• _ASSIGNMENT_
Nothing but the listing below, retyped exactly, should appear in the answer.

• _SUPPLIED DATA_
++++
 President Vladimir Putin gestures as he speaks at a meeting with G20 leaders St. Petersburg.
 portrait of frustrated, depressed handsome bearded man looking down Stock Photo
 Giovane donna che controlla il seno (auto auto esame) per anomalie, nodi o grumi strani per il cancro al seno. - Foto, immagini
++++
• _RESPONSE BOX_
 President Vladimir Putin gestures as he speaks at a meeting with G20 leaders St. Petersburg.
 portrait of frustrated, depressed handsome bearded man looking down Stock Photo
 Giovane donna che controlla il seno (auto auto esame) per anomalie, nodi o grumi strani per il cancro al seno. - Foto, immagini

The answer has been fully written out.